* _Raw data_
━━━━

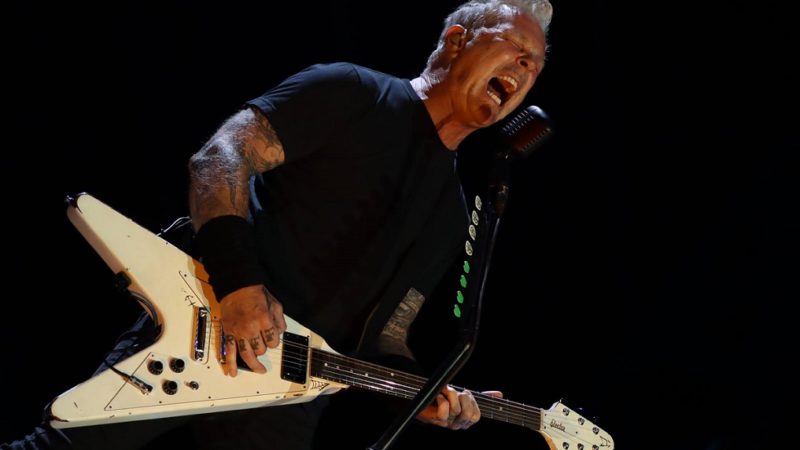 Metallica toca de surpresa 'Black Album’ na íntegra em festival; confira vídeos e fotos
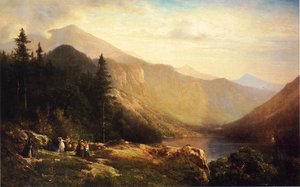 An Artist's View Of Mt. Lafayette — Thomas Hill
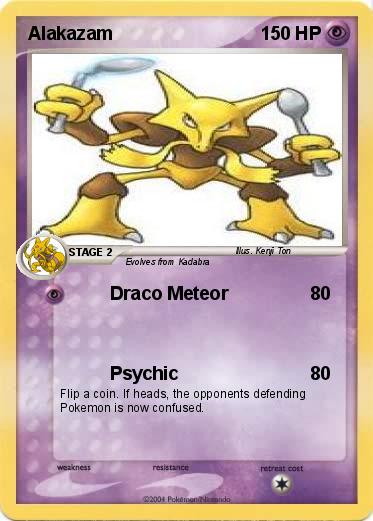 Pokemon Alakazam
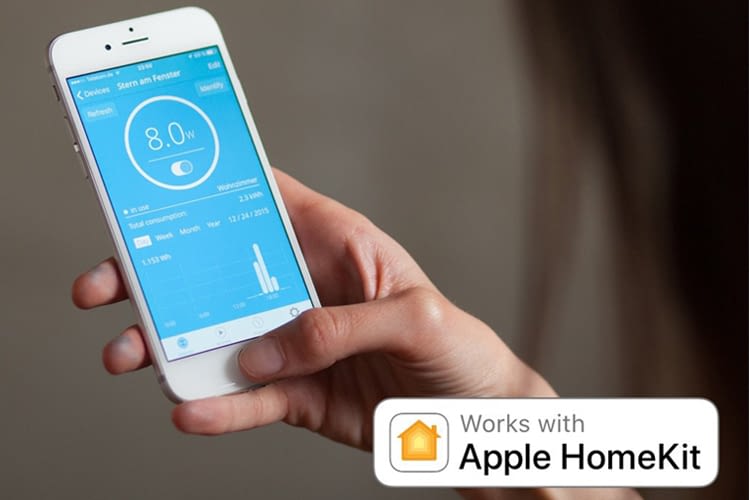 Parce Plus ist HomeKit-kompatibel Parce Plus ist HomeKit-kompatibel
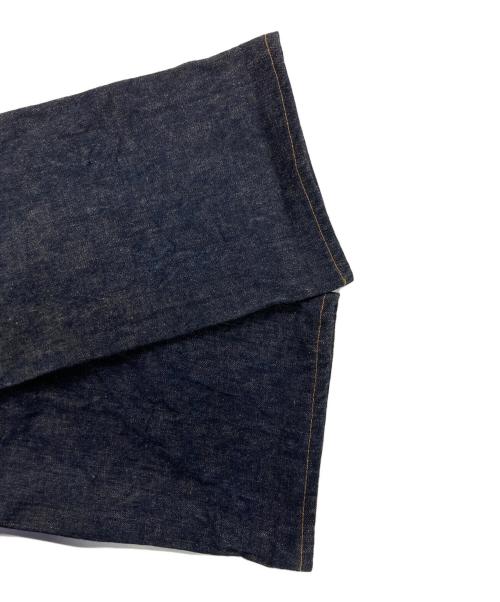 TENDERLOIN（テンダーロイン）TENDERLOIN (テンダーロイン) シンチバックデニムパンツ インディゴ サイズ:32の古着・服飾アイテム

━━━━

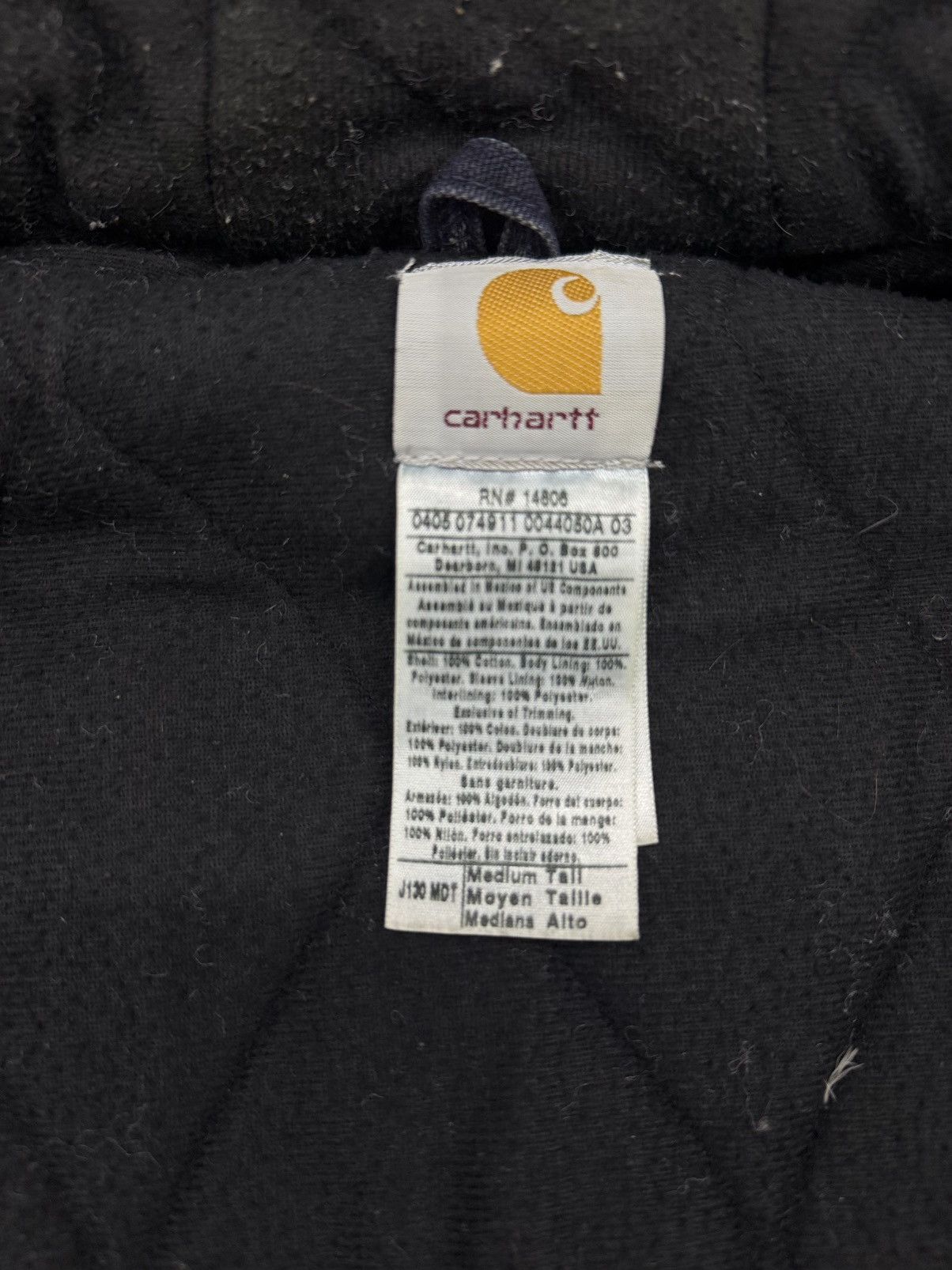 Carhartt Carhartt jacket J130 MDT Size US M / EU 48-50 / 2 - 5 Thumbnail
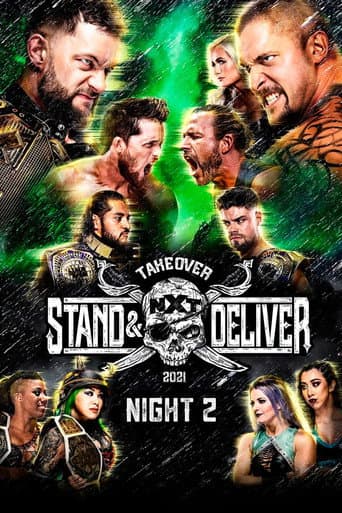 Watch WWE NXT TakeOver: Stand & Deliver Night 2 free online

━━━━

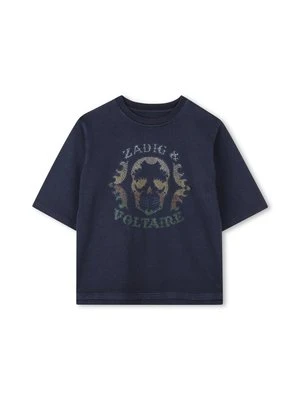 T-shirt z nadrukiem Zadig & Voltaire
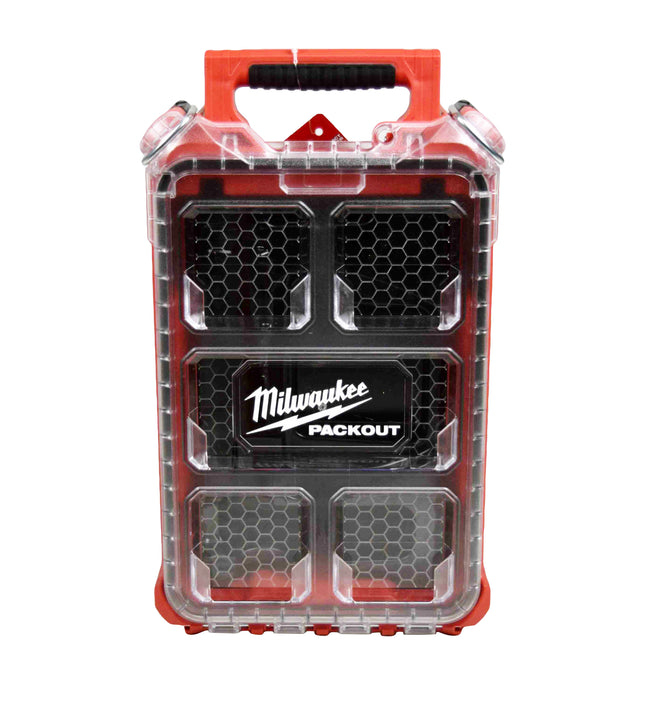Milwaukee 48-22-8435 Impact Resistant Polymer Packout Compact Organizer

━━━━

* _What you will do_
Would you copy the lines above exactly, starting with the one that has "T-shirt z nadrukiem Zadig & Voltaire" and ending with the one that has "Milwaukee 48-22-8435 Impact", both included, without the pictures?

* _Response to the exercise_
 T-shirt z nadrukiem Zadig & Voltaire
Milwaukee 48-22-8435 Impact Resistant Polymer Packout Compact Organizer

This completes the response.